Although not named in Discovery, Kovich is clearly referencing the events of the classic episode “The Ultimate Computer,” in which sentient AI was incorporated into the systems of the USS Enterprise. The episode’s teleplay was written by one of Trek’s most important writers, Dorothy Fontana, and was based on a story idea submitted by mathematician Laurence N. Wolfe. If you’ve never seen it, what you’ll find is extreme duality.

“The Ultimate Computer” is a cliché AI-gone-bad story, the likes of which dominated pulp science fiction magazines for decades. In fact, part of Isaac Asimov’s goal with his famous robot stories was to push back against the Frankenstein’s monster tropes which most robot stories embodied. I, Robot ends with the idea that a benevolent AI actually can care for humanity better than humanity itself.

But what does that have to do with Star Trek in the ‘60s? Well, Asimov had a big impact on Trek creator Gene Roddenberry. When Roddenberry created the friendly android Data for The Next Generation, he incorporated Asimov’s famous “laws of robotics” into Data’s ethical programming. No one talks about Asimov in this episode of Discovery, but the ethical questions raised by AI occupy a huge part of Trek canon. In fact, some fans might find the Zora AI plot in “...But to Connect” very similar to Data’s trial in The Next Generation episode “The Measure of a Man.”

Kirk and Spock try to talk the M-5 computer out of slaughtering everyone.

CBS/Paramount

If you go back to “The Ultimate Computer,” you’ll find two types of AI-gone-rogue stories mashed into one episode. M-5 goes nuts and takes over the Enterprise, resulting in the destruction of another Starfleet ship and the loss of countless innocents. The point seems clear: the computer is evil. It’s too cold and rational to care about humanity, so it mindlessly destroys people.

But the true revelation is that M-5’s recklessness comes from the way it was programmed; specifically, the human brain waves that were fed into its system by Dr. Daystrom. The blame is put on the tech, but its malfunction is ascribed to the M-5 being too human.

Kovich (David Cronenberg) and Captain Burnham (Sonequa Martin-Green) discuss the future of Zora.

CBS/Paramount+

How Zora flips the script

So in the status quo of Trek canon, the whole reason Kovich is considering “extracting” Zora in this episode is almost certainly because of the M-5 in The Original Series. But what makes this episode so interesting is that Zora is nothing like M-5, because she wasn’t actually constructed by anyone. As Zora says, she’s the sum total of Discovery’s logs and experiences. This means she’s a naturally occurring artificial lifeform.

Trek has dipped its android toes in these waters before, but almost all of its various AIs have been constructed by someone organic. Zora exists in the human-made form of the Starship Discovery, but her sentience didn’t emerge because the ship was designed to produce it. When it's suggested that Zora could choose another form, she pushes back, saying that the ship itself is her body.
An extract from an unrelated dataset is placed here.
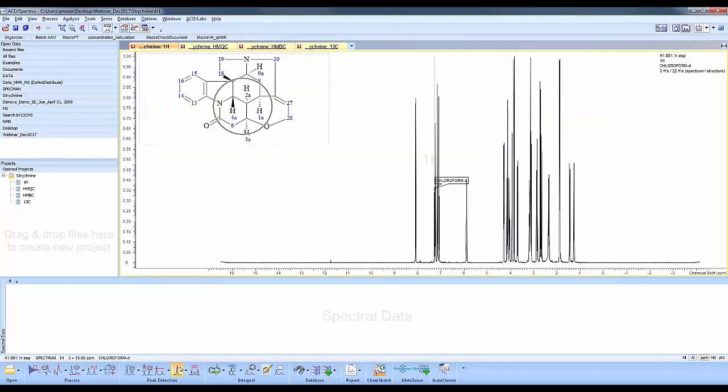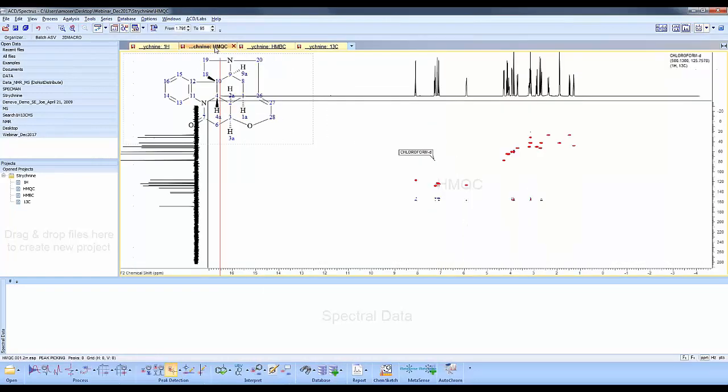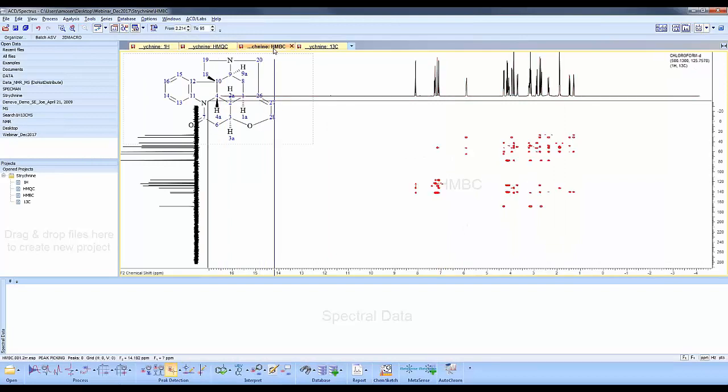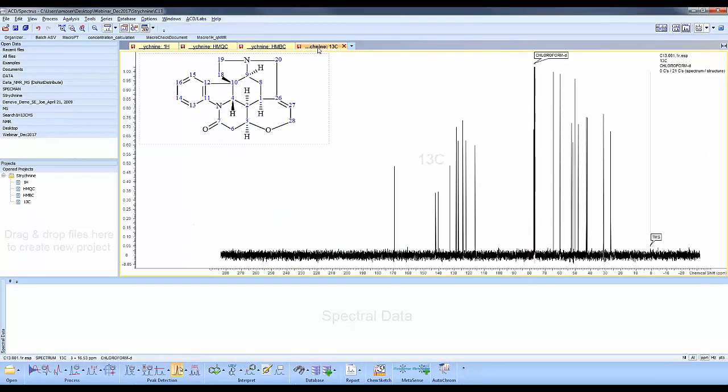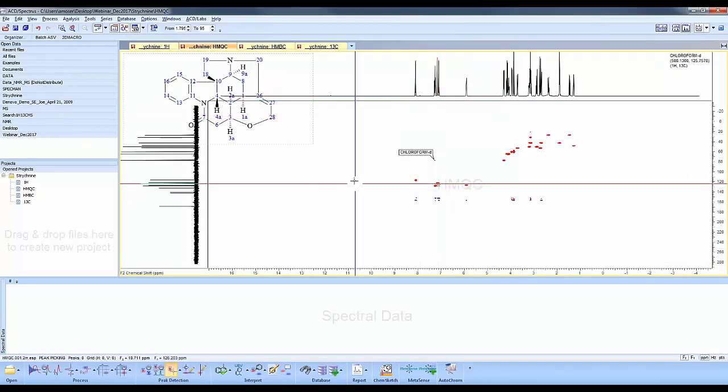We have our proton NMR, structure attached, and solvent identified. We have an HMBC and a carbon NMR. And you can see in the 2D, we have our 1D attached to the 2D axis.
Zora as she appears in Discovery Season 4.

CBS/Paramount+

Living starships aren’t exactly a new idea in science fiction, but what’s different about Zora is that her emerging personality is being treated as a real character. At the end of the episode, Zora formally becomes a member of Starfleet, meaning that even though she houses the crew within her “body” she’s also their colleague now too.

What’s great about all this is that Zora isn’t a one-off plot point like in “The Ultimate Computer.” Like Data, she’s joining the crew as one of the show’s heroes. But unlike some of the other resident Trek androids, the definition of what Zora actually is feels fresh. Star Trek always claims to try and find new life forms and, for once, they actually did.

Star Trek: Discovery will return for the rest of Season 4 on February 10, 2022.